This month, The Drexel Collection opened a new display demonstrating the connection between art and medicine. The exhibit presents pieces donated by Alma Dea Morani, MD (1907–2001), including her own sculptures and pieces by her father, as well as artifacts from her travels abroad.
Many studies have demonstrated the benefit of using the visual analysis of art as a training tool for diagnostics, as well as allowing medical students to practice the skills of visual observation and communication outside the pressures of health care. Morani was ahead of her time, espousing the belief that students who have “active participation with the world of art become stronger, more humane physicians.”
Morani took her love and talent for sculpture and applied it to the medical field. She became one of the first female plastic surgeons in Philadelphia and the first woman to become a member of the American Society of Plastic and Reconstructive Surgeons. Morani graduated from the Woman’s Medical College of Pennsylvania in 1935 and started as a general surgeon before pursuing her career in plastic surgery as an outlet for her more creative and artistic side. Morani worked mainly on hands because she saw it as “sort of an artistic endeavor,” and she established Philadelphia’s first hand surgery clinic in 1948. Many of the artifacts on display are of hands representing Morani’s fascination with the fingered form.

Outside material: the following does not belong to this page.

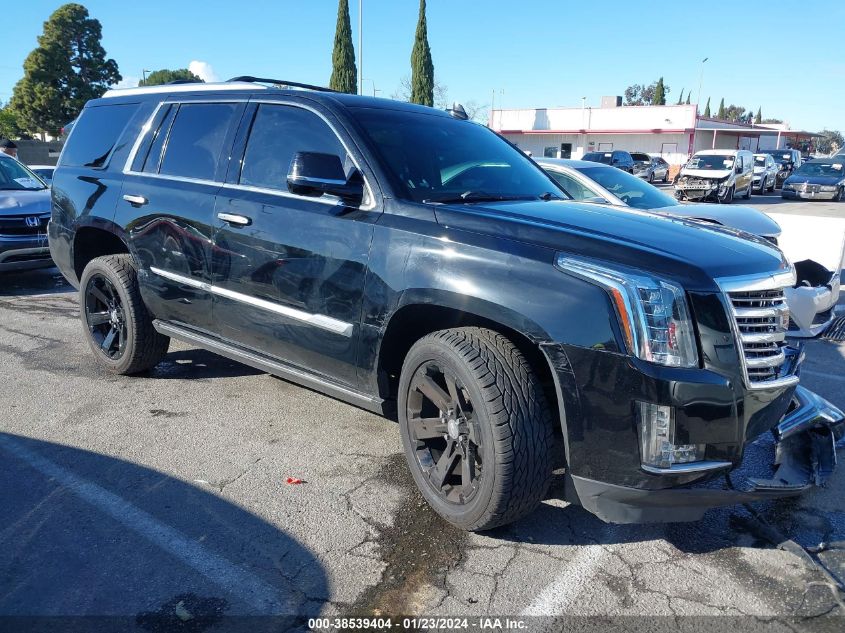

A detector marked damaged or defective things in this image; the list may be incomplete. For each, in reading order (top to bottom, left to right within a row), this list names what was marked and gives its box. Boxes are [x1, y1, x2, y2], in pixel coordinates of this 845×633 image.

cracked pavement [0, 198, 840, 628]
damaged front bumper [568, 386, 844, 524]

Morani also made multiple trips to the Philippines and abroad to treat injured or deformed children, collecting artwork while she was travelling. These artifacts are medical tools and religious items, sometimes both. Morani believed that religious items and iconography are valuable in aiding and comforting people.

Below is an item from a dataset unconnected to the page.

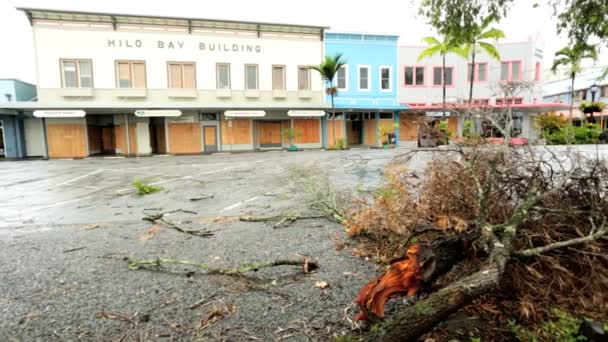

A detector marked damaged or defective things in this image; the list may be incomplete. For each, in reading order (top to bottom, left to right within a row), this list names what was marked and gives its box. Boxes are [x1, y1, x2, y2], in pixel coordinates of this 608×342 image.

She was a huge advocate for women in the medical field who broke into the male-dominated areas of surgery and plastic surgery and opened doors for future women surgeons. From 1972 to 1974, Morani was president of the Medical Women’s International Association and instrumental in bringing family planning to women physicians across the globe.
In 1972, she began lecturing on the connection between art and medicine and in 1985 she donated a large collection to the Woman’s Medical College of Pennsylvania. Today, the artwork is part of The Drexel Collection, Drexel’s flagship art collection founded in 1891, with a large portion of the collection now on display.
This impressive collection can be seen on the second floor of the Hahnemann Library in the New College Building, at 245 N. 15th St., on permanent display.